* [WHAT THE TASK REQUIRES]
Everything in the listing below from the line containing "La vialidad se" through the line containing "Cardamom Cupcakes, Baking" must be repeated exactly; the remaining lines are not wanted.

* [DATA SHOWN]

◆ ◆ ◆ ◆ ◆

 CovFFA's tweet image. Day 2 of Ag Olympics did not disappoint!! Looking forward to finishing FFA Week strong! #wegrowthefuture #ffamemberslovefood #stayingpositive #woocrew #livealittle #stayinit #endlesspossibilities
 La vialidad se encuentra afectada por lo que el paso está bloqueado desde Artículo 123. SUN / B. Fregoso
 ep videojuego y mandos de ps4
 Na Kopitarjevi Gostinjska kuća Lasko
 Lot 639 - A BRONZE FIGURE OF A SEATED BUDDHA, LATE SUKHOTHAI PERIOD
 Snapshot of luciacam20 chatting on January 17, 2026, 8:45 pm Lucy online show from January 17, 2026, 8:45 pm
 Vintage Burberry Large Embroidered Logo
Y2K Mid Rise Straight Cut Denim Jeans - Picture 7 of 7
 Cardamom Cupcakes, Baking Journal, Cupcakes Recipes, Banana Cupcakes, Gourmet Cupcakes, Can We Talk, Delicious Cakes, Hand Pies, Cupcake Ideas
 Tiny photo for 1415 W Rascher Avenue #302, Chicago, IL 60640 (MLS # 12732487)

◆ ◆ ◆ ◆ ◆

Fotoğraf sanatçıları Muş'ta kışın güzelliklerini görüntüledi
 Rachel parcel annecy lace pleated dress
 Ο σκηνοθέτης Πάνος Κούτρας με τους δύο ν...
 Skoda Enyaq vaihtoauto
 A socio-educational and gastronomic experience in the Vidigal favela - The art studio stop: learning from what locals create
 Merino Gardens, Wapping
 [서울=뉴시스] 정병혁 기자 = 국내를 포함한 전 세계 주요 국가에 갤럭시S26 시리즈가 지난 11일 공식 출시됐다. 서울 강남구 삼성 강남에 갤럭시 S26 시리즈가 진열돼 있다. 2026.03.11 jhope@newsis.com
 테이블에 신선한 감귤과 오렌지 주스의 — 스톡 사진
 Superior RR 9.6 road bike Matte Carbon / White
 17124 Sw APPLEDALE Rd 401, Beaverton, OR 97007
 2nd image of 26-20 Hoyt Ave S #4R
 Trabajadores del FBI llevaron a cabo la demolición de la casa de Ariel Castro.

◆ ◆ ◆ ◆ ◆

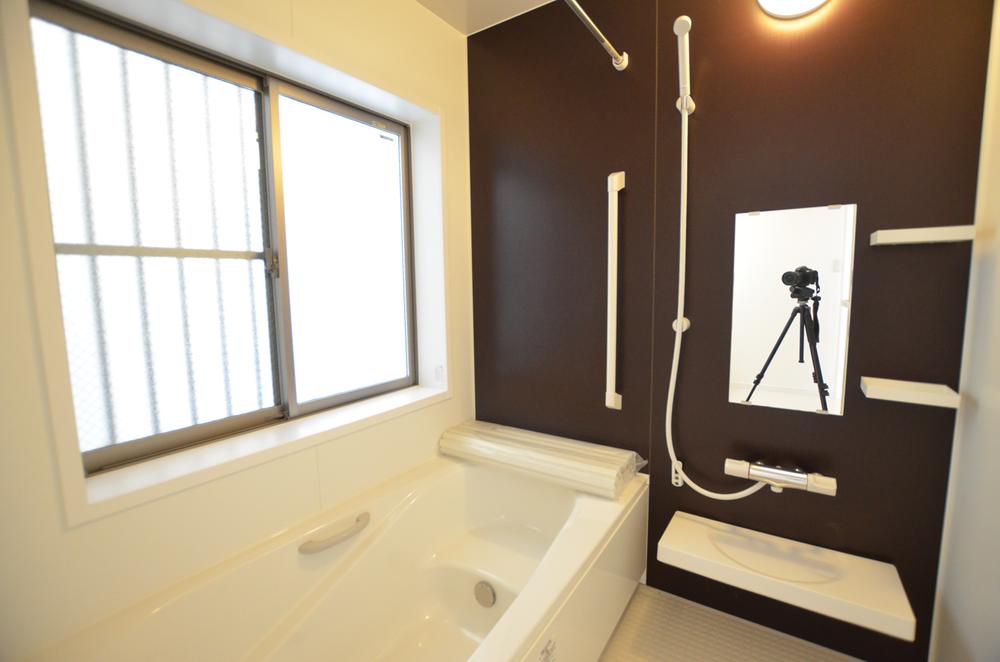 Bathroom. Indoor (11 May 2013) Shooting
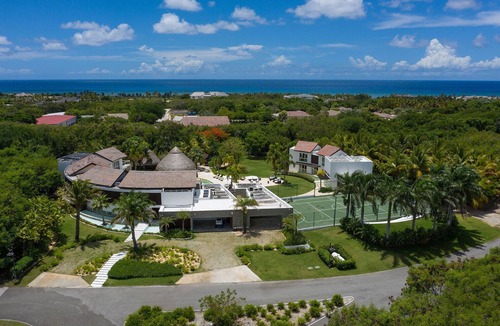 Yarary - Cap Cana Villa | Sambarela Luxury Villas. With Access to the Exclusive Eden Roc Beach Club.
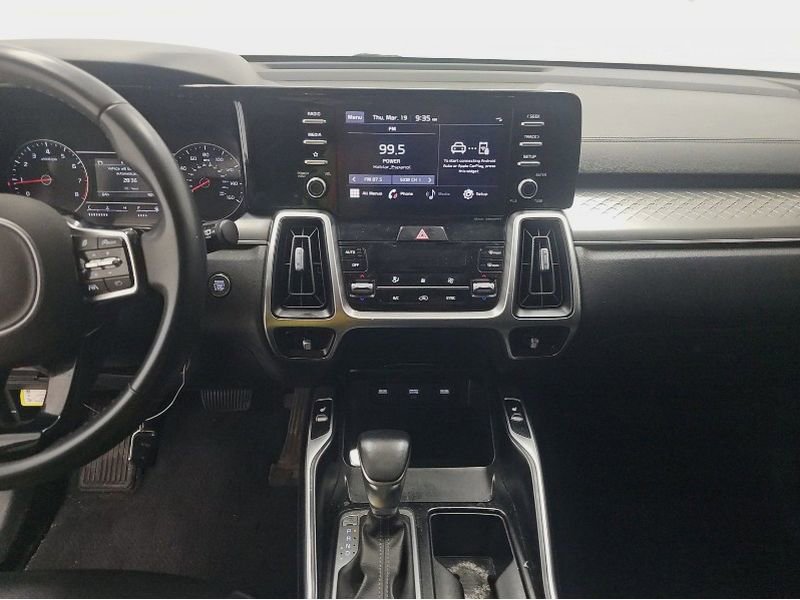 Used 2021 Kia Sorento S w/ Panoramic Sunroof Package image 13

◆ ◆ ◆ ◆ ◆

* [ANSWER FOR THE TASK]
 La vialidad se encuentra afectada por lo que el paso está bloqueado desde Artículo 123. SUN / B. Fregoso
 ep videojuego y mandos de ps4
 Na Kopitarjevi Gostinjska kuća Lasko
 Lot 639 - A BRONZE FIGURE OF A SEATED BUDDHA, LATE SUKHOTHAI PERIOD
 Snapshot of luciacam20 chatting on January 17, 2026, 8:45 pm Lucy online show from January 17, 2026, 8:45 pm
 Vintage Burberry Large Embroidered Logo
Y2K Mid Rise Straight Cut Denim Jeans - Picture 7 of 7
 Cardamom Cupcakes, Baking Journal, Cupcakes Recipes, Banana Cupcakes, Gourmet Cupcakes, Can We Talk, Delicious Cakes, Hand Pies, Cupcake Ideas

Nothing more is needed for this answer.